Harcèlement moral et sexuel et agression sexuelle: L'ex-salariée d'Yves Ethève entendue

Fin 2020, une ancienne cadre du multiplexe Ciné Cambaie portait plainte contre son ancien patron, Yves Ethève, pour harcèlement moral et sexuel et pour agression sexuelle. Cette plainte était déposée devant le Doyen des juges d'instruction, l'affaire ayant déjà été portée devant la justice en 2018. Mais, "parce que les faits n'étaient pas suffisamment caractérisés" à l'issue d'une enquête menée à l'époque par les gendarmes de la Compagnie de St-Paul, le procureur de la République Eric Tufféry avait classée sans suite.

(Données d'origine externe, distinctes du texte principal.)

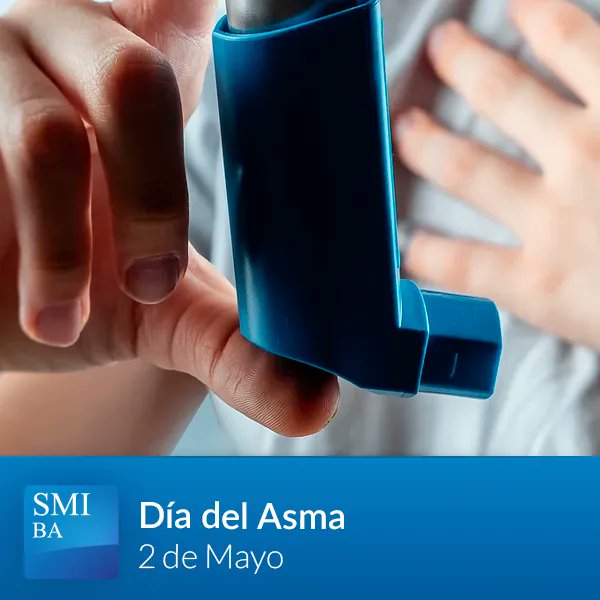 smiba_medicina's tweet photo. El primer martes de mayo se celebra el Día Mundial del Asma, un evento organizado por GINA (Iniciativa Global para el Asma).
#asma #diamundialdelasma #diadelasma #neumonologia https://t.co/c6Ye2eqiTY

Au moment du dépôt de la deuxième plainte, le conseil de la plaignante décrivait une cliente "démolie et en grande souffrance" et des "faits graves" qui nécessitaient que la justice se penche une nouvelle fois sur ce dossier. Employée par Mauréfilms, l'intéressée a passé sept années aux côtés de son patron. Elle dénonce des méthodes de management douteuses - propos rabaissant, pression, humiliation publique, attitude et demande sexualisée - pratiquées par Yves Ethève au sein de son personnel.
Accès de colère réguliers
Selon ses dires, Marie* n'a pas été la seule victime de ces actes et souhaite faire également entendre la voix de ses ex-collègues à travers la sienne. Le médecin psychiatre l'ayant examinée pendant le déroulement de la première enquête aurait estimé que les allégations de la plaignante "étaient sincères". Marie explique dans ses deux plaintes qu'Yves Ethève lui aurait "mis la main aux fesses", lui aurait "caressé les cheveux " en ajoutant à son geste des remarques à caractère sexuel notamment "au sujet de son décolleté". Par ailleurs, Yves Ethève est décrit dans cette procédure comme un homme ayant "une attitude agressive" envers ses salariés, utilisant souvent "des cris et des insultes" lors d'accès de colère réguliers maniant "les injonctions contradictoires" et faisant régner un climat "tendu et oppressant" au sein de son entreprise.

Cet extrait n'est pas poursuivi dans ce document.